W3C home > Mailing lists > Public > www-tag@w3.org > February 2009

Re: HTML and XML

From: Henri Sivonen <hsivonen@iki.fi>
Date: Wed, 11 Feb 2009 11:35:01 +0200
Cc: "Anne van Kesteren" <annevk@opera.com>, "David Orchard" <orchard@pacificspirit.com>, www-tag@w3.org
Message-Id: <B755BD77-84F0-4A01-8A80-0689553AD478@iki.fi>
To: Henry S.Thompson <ht@inf.ed.ac.uk>

On Feb 10, 2009, at 22:26, Henry S. Thompson wrote:

> And there's good reason for that:  XML actually _is_ usable by
> authors and authoring well-formed XML is _not_ hard.

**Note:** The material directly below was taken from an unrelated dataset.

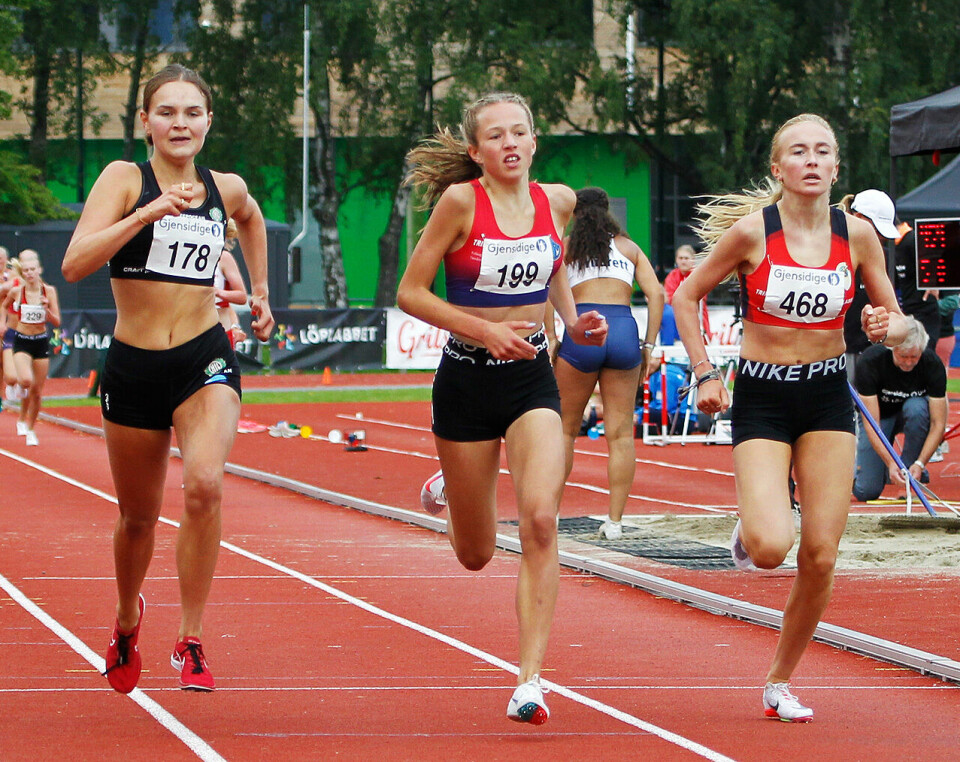 UM-gull til Wilma Anna Bekkemoen Torbjörnsson på 2000 m 2000m J-15 Kampen om plassene_H9F6156.jpg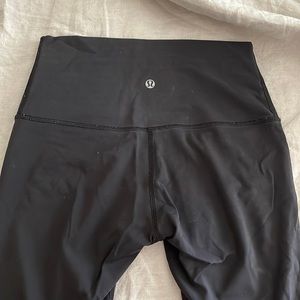 Lululemon wunder under size 6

However, writing XML-outputting software whose output is always well- 
formed even in the case of malicious input is hard.

> b) points to a piece of broken _software_;
[..]
> one article that points to a page in which someone trying to  
> introduce an _intentional_ markup error made the wrong error.

It is a pretty significant problem if an attacker can intentionally  
introduce a markup error into a system so that the administrator of  
the system is denied service when trying to use a browser-based UI for  
managing the system (and all other users are denied service, too).

> Hardly a compelling set of evidence that well-formed XML is too hard  
> for ordinary mortals.

So far Philip Taylor (the author of http://lists.w3.org/Archives/Public/www-archive/2009Feb/0058.html 
  ) has found well-formedness holes in every XML-outputting system he  
has cared to try.

He even managed to make Validator.nu produce ill-formed output. The  
bug was in the Xalan serializer--a widely distributed library written  
by experts. (Astral characters were serialized as two numeric  
character references for the corresponding surrogates.)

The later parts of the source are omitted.